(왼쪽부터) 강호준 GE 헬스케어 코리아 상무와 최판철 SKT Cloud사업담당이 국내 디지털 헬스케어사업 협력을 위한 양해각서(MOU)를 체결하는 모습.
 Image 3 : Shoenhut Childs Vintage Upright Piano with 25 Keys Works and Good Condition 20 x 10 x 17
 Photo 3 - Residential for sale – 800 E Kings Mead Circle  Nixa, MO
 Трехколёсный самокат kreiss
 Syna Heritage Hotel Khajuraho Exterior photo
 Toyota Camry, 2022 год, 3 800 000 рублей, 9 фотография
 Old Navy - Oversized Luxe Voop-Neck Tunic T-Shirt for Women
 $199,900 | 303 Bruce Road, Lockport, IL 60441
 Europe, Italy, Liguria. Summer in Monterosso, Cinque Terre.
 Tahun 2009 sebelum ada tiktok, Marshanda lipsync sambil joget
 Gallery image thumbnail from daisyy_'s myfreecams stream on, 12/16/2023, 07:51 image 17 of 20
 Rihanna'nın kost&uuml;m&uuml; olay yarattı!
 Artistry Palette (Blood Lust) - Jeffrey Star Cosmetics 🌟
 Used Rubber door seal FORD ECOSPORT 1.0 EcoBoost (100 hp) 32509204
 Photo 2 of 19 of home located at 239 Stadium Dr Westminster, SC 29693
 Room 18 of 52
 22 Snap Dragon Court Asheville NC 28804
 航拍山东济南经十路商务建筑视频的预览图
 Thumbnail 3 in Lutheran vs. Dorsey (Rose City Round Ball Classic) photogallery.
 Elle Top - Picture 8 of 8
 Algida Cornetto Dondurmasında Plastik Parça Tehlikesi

· · ·

Out of the data above, transcribe exactly and only the lines starting with the line that has "Photo 2 of 19" and going on through the line that has "Elle Top - Picture 8 of 8", both included.

 Photo 2 of 19 of home located at 239 Stadium Dr Westminster, SC 29693
 Room 18 of 52
 22 Snap Dragon Court Asheville NC 28804
 航拍山东济南经十路商务建筑视频的预览图
 Thumbnail 3 in Lutheran vs. Dorsey (Rose City Round Ball Classic) photogallery.
 Elle Top - Picture 8 of 8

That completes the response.